Exercise description: What is needed is a faithful copy of all the records.

Recorded data
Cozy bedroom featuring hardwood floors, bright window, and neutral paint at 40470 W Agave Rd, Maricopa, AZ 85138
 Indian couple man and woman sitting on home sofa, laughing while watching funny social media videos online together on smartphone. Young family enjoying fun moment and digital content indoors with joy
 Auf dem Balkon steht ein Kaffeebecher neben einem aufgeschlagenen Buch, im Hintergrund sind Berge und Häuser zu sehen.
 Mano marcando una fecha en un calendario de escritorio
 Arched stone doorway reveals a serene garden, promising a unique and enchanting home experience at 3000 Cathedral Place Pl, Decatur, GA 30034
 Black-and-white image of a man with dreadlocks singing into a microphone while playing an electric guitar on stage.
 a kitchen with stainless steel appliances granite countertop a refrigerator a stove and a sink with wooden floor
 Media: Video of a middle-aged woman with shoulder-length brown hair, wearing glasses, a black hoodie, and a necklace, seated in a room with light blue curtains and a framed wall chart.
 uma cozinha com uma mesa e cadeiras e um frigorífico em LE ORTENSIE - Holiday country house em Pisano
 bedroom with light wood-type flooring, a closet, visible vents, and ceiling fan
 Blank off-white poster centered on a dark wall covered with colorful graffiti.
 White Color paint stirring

The answer:
Cozy bedroom featuring hardwood floors, bright window, and neutral paint at 40470 W Agave Rd, Maricopa, AZ 85138
 Indian couple man and woman sitting on home sofa, laughing while watching funny social media videos online together on smartphone. Young family enjoying fun moment and digital content indoors with joy
 Auf dem Balkon steht ein Kaffeebecher neben einem aufgeschlagenen Buch, im Hintergrund sind Berge und Häuser zu sehen.
 Mano marcando una fecha en un calendario de escritorio
 Arched stone doorway reveals a serene garden, promising a unique and enchanting home experience at 3000 Cathedral Place Pl, Decatur, GA 30034
 Black-and-white image of a man with dreadlocks singing into a microphone while playing an electric guitar on stage.
 a kitchen with stainless steel appliances granite countertop a refrigerator a stove and a sink with wooden floor
 Media: Video of a middle-aged woman with shoulder-length brown hair, wearing glasses, a black hoodie, and a necklace, seated in a room with light blue curtains and a framed wall chart.
 uma cozinha com uma mesa e cadeiras e um frigorífico em LE ORTENSIE - Holiday country house em Pisano
 bedroom with light wood-type flooring, a closet, visible vents, and ceiling fan
 Blank off-white poster centered on a dark wall covered with colorful graffiti.
 White Color paint stirring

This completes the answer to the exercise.